Project Milestone for DS Capstone

This report describes the preliminary analysis of the text data provided in the SwiftKey/final/en_US data files from the corpora archived at https://web-beta.archive.org/web/20160930083655/http://www.corpora.heliohost.org/aboutcorpus.html

Packages for downloading and pre-processing the files:

library(tm)
library(XML)
library(SnowballC)
library(qdap)

Download the files

con <- file("C:/Users/Barbara/Downloads/Coursera-SwiftKey/final/en_US/en_US.news.txt", "rb")
news <- readLines(con, skipNul = TRUE)
close(con)

con <- file("C:/Users/Barbara/Downloads/Coursera-SwiftKey/final/en_US/en_US.twitter.txt", "rb")
twitter <- readLines(con, skipNul = TRUE)
close(con)

con <- file("C:/Users/Barbara/Downloads/Coursera-SwiftKey/final/en_US/en_US.blogs.txt", "rb")
blogs <- readLines(con, skipNul = TRUE)
close(con)

The number of lines in each corpus are:

twitter: 2360148

news: 1010242

blogs: 899288

Samples of 10,000 lines were randomly selected from each file.

set.seed(123)
twit_samp <- sample(twitter, size = 10000)
set.seed(123)
blog_samp <- sample(blogs, size = 10000)
set.seed(123)
news_samp <- sample(news, size = 10000)

Preprocessing for each of the corpora to create stem documents

Includes creating a VectorSource and converting that to a volatile corpus.
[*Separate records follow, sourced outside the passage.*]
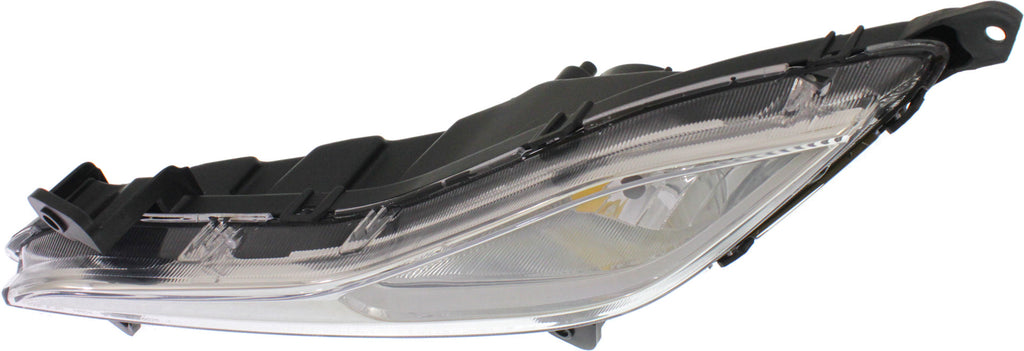 ELANTRA GT 13-17 FRONT FOG LAMP LH, Assembly
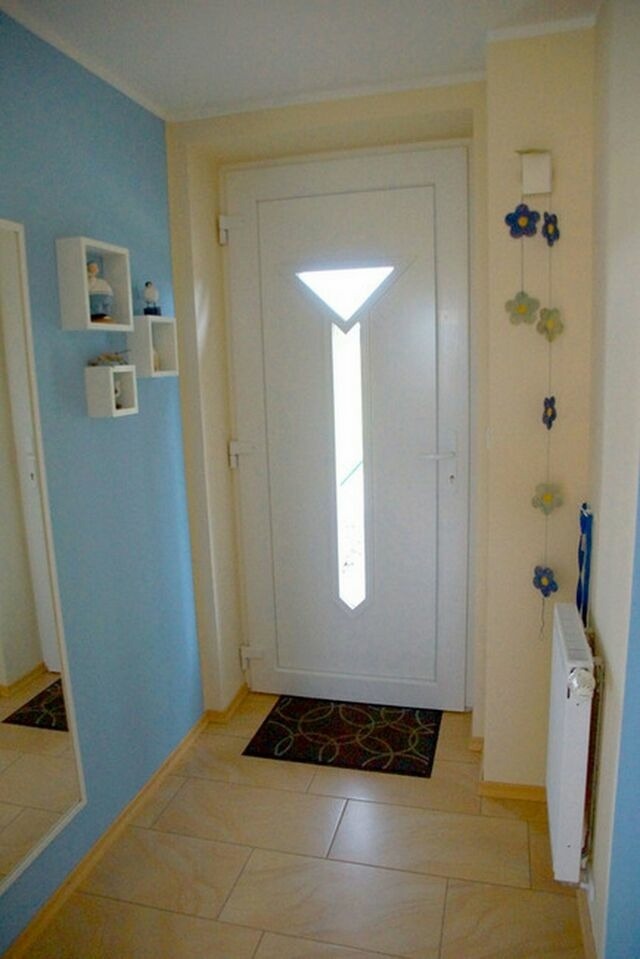 Ferienhaus in Zierow - L&uuml;tt M&ouml;w mit Sauna an der Ostsee - ABC595 - nur Ferieng&auml;ste! - Bild 12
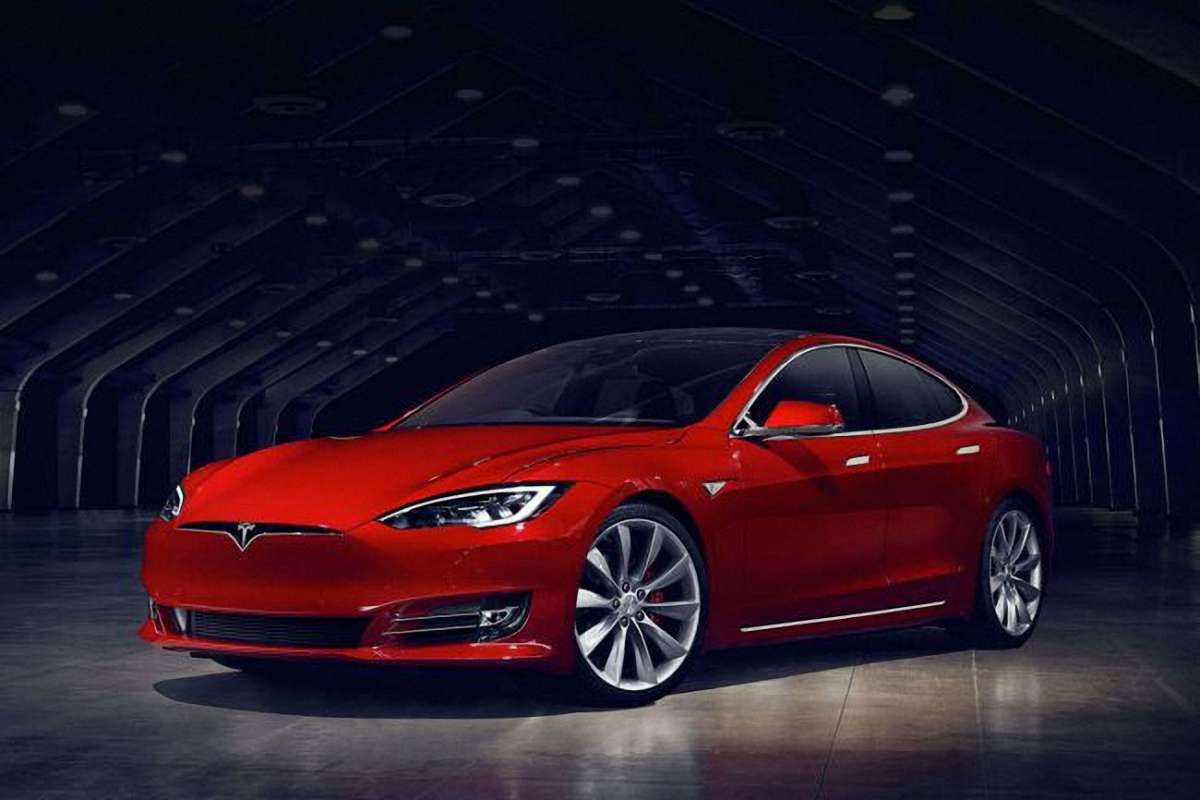 Tesla почала випуск автомобілів з повноцінним автопілотом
Numbers, whitespace, “SMART” stopwords, and punctuation were removed. The corpus was then converted to a stem document. Example of the code for the twitter corpus is shown, blog and news have similar code.

twitter_source <- VectorSource(twit_samp)
twitter_corpus <- VCorpus(twitter_source)
twitter_corpus <- tm_map(twitter_corpus, removeNumbers)
twitter_corpus <- tm_map(twitter_corpus, stripWhitespace)
twitter_corpus <- tm_map(twitter_corpus, content_transformer(tolower))
twitter_corpus <- tm_map(twitter_corpus, removeWords, stopwords("SMART"))
twitter_corpus <- tm_map(twitter_corpus, removePunctuation)
twitter_stem <- tm_map(twitter_corpus,stemDocument)

Calculate top 20 words in each corpus using qdap package and plot as bar charts

frequent_twit <- freq_terms(as.data.frame(twitter_stem), 20, stopwords = "doc")

Top 20 words in the twitter corpus

frequent_blog <- freq_terms(as.data.frame(blog_stem), 20, stopwords = "doc")

Top 20 words in the blog corpus

frequent_news <- freq_terms(as.data.frame(news_stem), 20, stopwords = "doc")

Top 20 words in the news corpus

Further development of this project

The corpora extracted will be used to develop predictive modelling for text entry. It will be developed as a Shiny app to use for speeding text entry when using a mobile device.